During a Wednesday morning press call, Tom Crumplar, a Delaware lawyer representing the residents, said his clients “don’t simply want compensation.”

“They wanted to make certain that the injuries that they had suffered - and they’re quite significant - would not happen again and nobody else would have these problems,” Crumplar said. “And they really asked us, ‘what can we do about preventing the further pollution?’”

Residents, lawyers and nonprofit Food & Water Watch sent a letter to Mountaire on Tuesday expressing their intent to sue. About 50 residents are listed on the notice, but Crumplar said his firm, Jacobs & Crumplar, as well as D.C.-based firm Nidel & Nace have over 80 clients and “are getting more every day.”

Mountaire has been providing residents with bottled water as ordered by the state, since they were cited for polluting groundwater in 2017. Some residents say Mountaire supplied them with water softener systems or bottled water more than a decade ago.

Resident Gina Burton and her family have lived in the community for generations. Burton said the issue with Mountaire and drinking water contamination has been going on since the company moved to the area in 2002.

“We have to go through the course of our day thinking Mountaire gave us enough water to conduct our everyday lives as far as washing our clothes, bathing, washing dishes, using it to drink, but the amount of water that they give us every week is not enough to use for everyday use,” Burton said.

She continued, “I don’t know the reason why my family has suffered so many health problems, but living with this every day for all these years makes me wonder why.”

Mountaire told Delaware Public Media in January the corrective actions it is taking include immediate fixes to its wastewater treatment plant, which cost $10 million, and designing the treatment plant entirely, which will cost about $25 million.

Chris Nidel, an attorney from D.C.-based Nidel & Nace who is also representing the plaintiffs, said those treatment upgrades may not be enough to satisfy residents who have been plagued by contaminated water for years.

“The best case scenario is that they will reduce the continued load of nitrates into the groundwater” Nidel said.

Mountaire met with residents in January, claiming they believe the groundwater was already contaminated before they moved to Millsboro and they don’t believe their wastewater problems contaminated nearby residents’ drinking water because of the way and speed groundwater  moves.

Nidel said the problem is it will take years for contaminated groundwater to work its way through the system, and it will continue to reach residents’ drinking water.

“It’s not just about identifying or addressing the root levels of nitrates in their sludge and in their liquid waste that gets sprayed on these fields,” Nidel said. “It also has to deal with addressing the significant load of nitrates that are in the groundwater beneath these fields as it currently stands,”

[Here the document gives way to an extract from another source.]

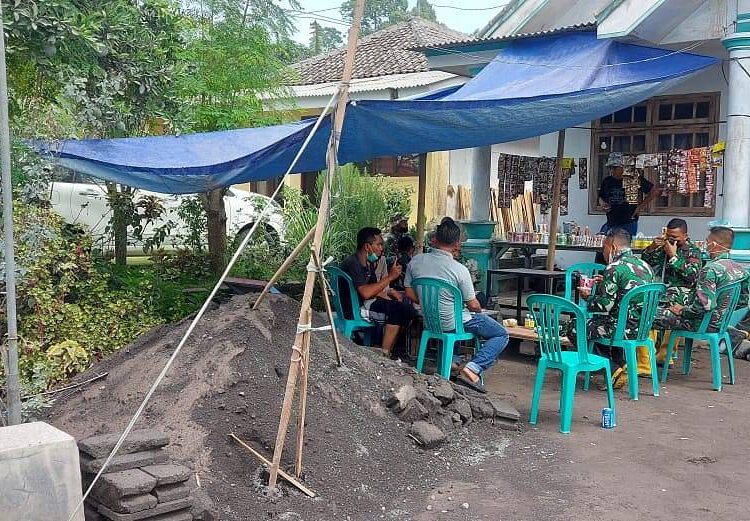 Nur Semesta School Of Mind Peduli Semeru 2021, Layani Hypnoterapi dan Bantu Dapur umum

According to the letter of intent to sue, Mountaire has 90 days to address its wastewater problems and respond to residents’ concerns, or the plaintiffs will see them in Delaware’s federal district court. The notice was filed under the Resource Conservation and Recovery Act, which addresses how to manage solid waste.

Delaware Public Media reached out to Mountaire’s lawyer, Michael Parkowski, but did not get a response by the time of publication.